All of the data must be output exactly, with every picture left out.

_Input data_:
+ + + +
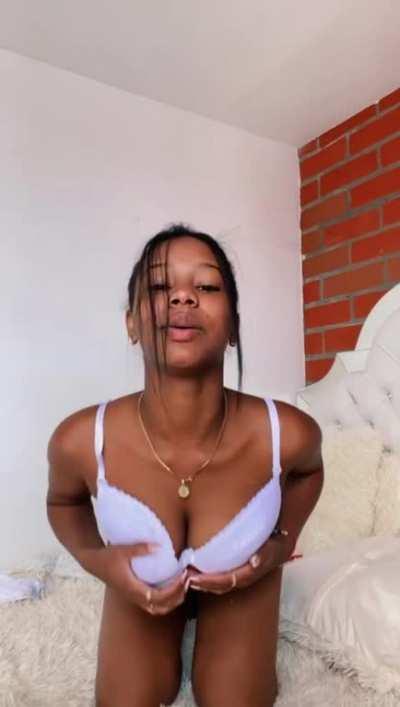 makes me wet showing my pussy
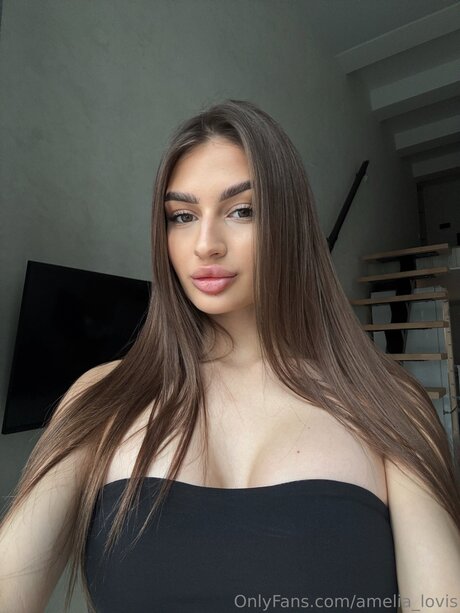 Amelia Lovis art actress archive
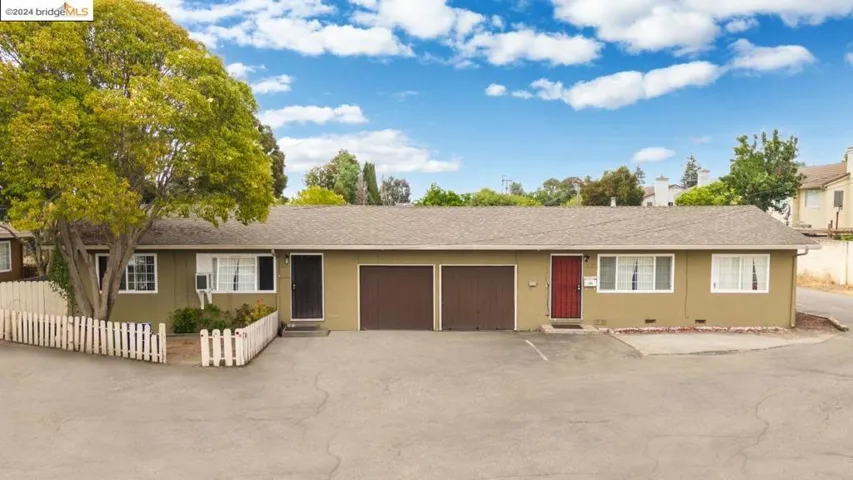 517 Schafer Rd, Hayward, California 94544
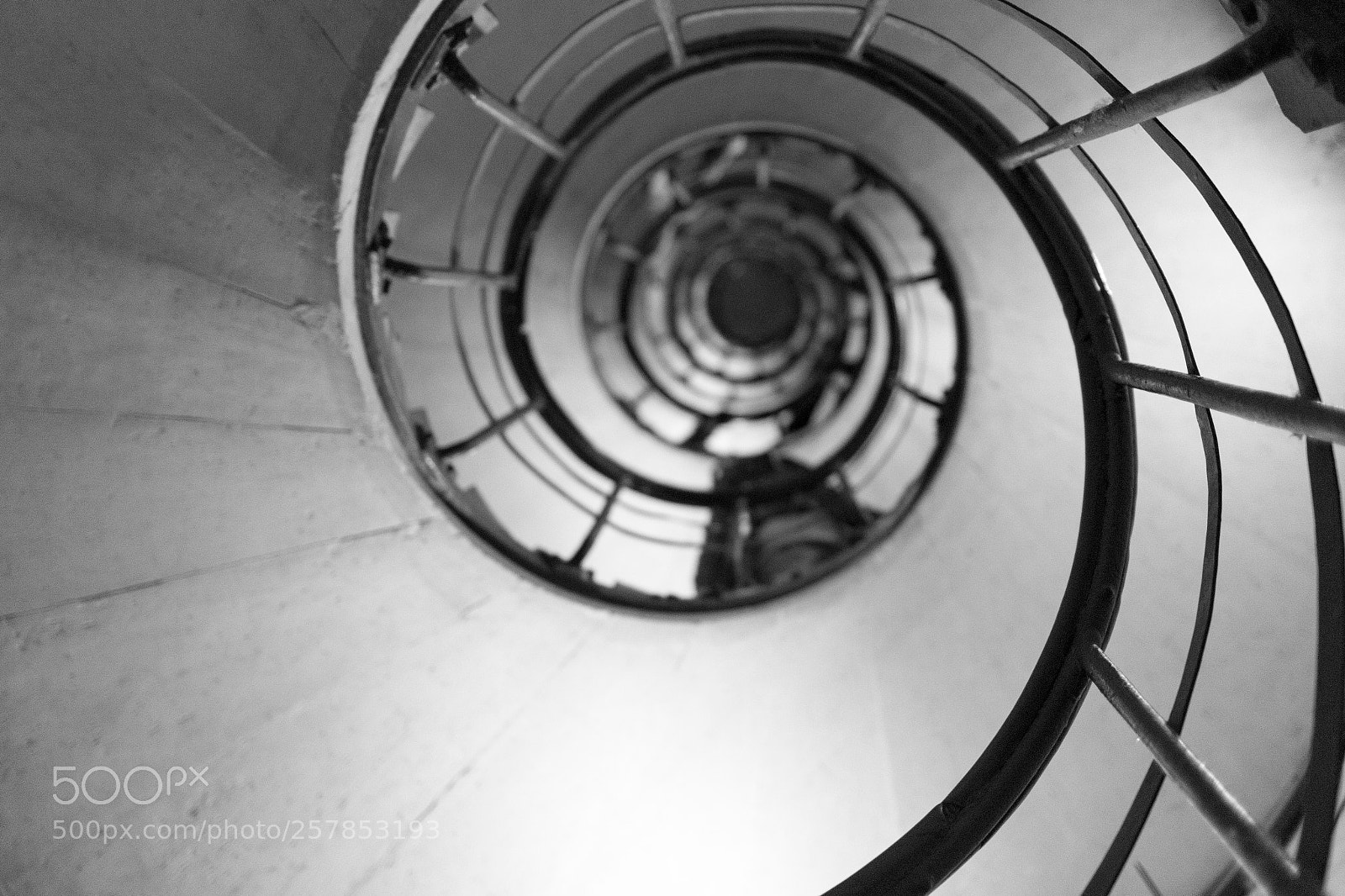 Canon EOS 600D (Rebel EOS T3i / EOS Kiss X5) sample photo. Vortex stairs photography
+ + + +
_Answer for the task_:
 makes me wet showing my pussy
 Amelia Lovis art actress archive
 517 Schafer Rd, Hayward, California 94544
 Canon EOS 600D (Rebel EOS T3i / EOS Kiss X5) sample photo. Vortex stairs photography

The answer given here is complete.